NEW YORK (Jun. 30)
Israeli Prime Minister Yitzhak Rabin’s recent statement that Yasser Arafat can pray in Jerusalem has been seconded by an umbrella group of American Jewish organizations.
Leaders of the National Jewish Community Relations Advisory Council wrote Rabin on Wednesday to “convey our support” for granting Arafat, the chairman of the Palestine Liberation Organization, “the same privileges to pray in Jerusalem as any other Muslim.”
In spite of Rabin’s proclamation, Arafat did not seem poised to make the pilgrimage during his first visit to Gaza, scheduled to begin on Friday.
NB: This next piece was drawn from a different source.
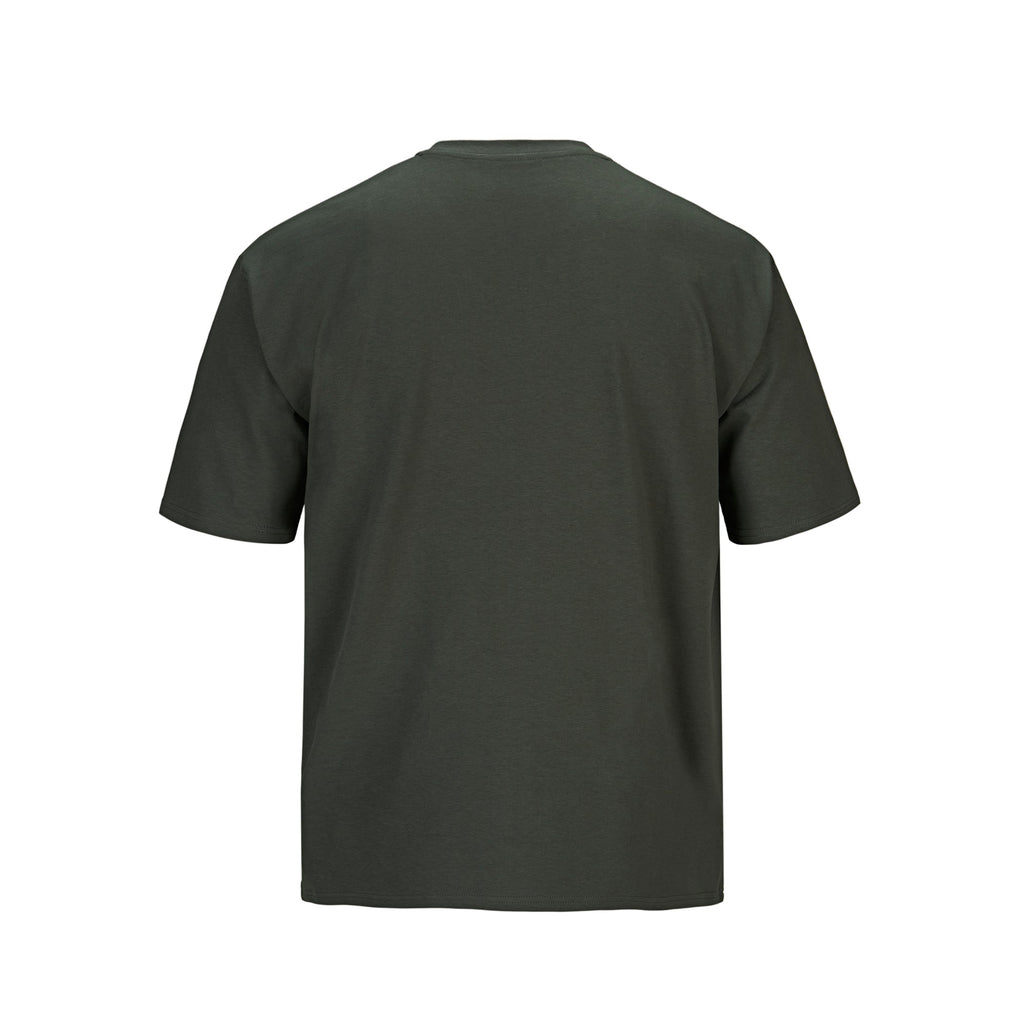 CX2 S05280, - Urban - 280gsm Heavyweight Drop Shoulder Cotton T-shirt, Military Green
The letter from Lynn Lyss and Lawrence Rubin, NJCRAC’s chair and executive vice chairman respectively, is significant because it comes at a time when American Jewry’s support for an undivided Jerusalem threatens to conflict with its traditional support for the elected government of Israel.
Jerusalem Mayor Ehud Olmert of the opposition Likud Party clearly believes the future of his city and the policies of Rabin’s Labor government are at odds.
Earlier this week Olmert pledged massive demonstrations to foil any Arafat visit, which he says would jeopardize the city’s status.
And he promised to bring in Diaspora demonstrators to join him, saying that he had already booked a jumbo jet from Canada for this purpose.
This call was greeted with some support by some American Jewish groups.
Malcolm Hoenlein, chairman of the Conference of Presidents of Major American Jewish Organizations, said his organization had not been approached about joining the demonstrations, and declined to take a stand on the invitation.
Explaining the purpose of the NJCRAC letter at this time, Martin Raffel, director of NJCRAC’s Israel Task Force, said, “I’m sure there will be vocal opposition to Arafat’s coming to Jerusalem among certain segments of the American Jewish community, but we didn’t want that opposition to be interpreted as representing a majority of the American Jewish community.”
Lyss and Rubin of NJCRAC, in their letter, noted that their group, comprised of 13 national and 117 community Jewish agencies, had earlier in June adopted a statement emphasizing the commitment of world Jewry “to maintain the city of Jerusalem as the eternal undivided capital of Israel.”
But they said they agreed with Rabin that an attempt to bar Arafat would be inconsistent with his government’s efforts to normalize relations with the Palestinians, and would contradict “Israel’s exemplary record of maintaining open and unfettered access to the holy sites of all faiths.”
Instead, they wrote, the most appropriate response to Arafat and anyone else questioning the status of Jerusalem would be to “increase our efforts to educate American policy makers and the public about the unique status of Jerusalem in the life of Israel and world Jewry.”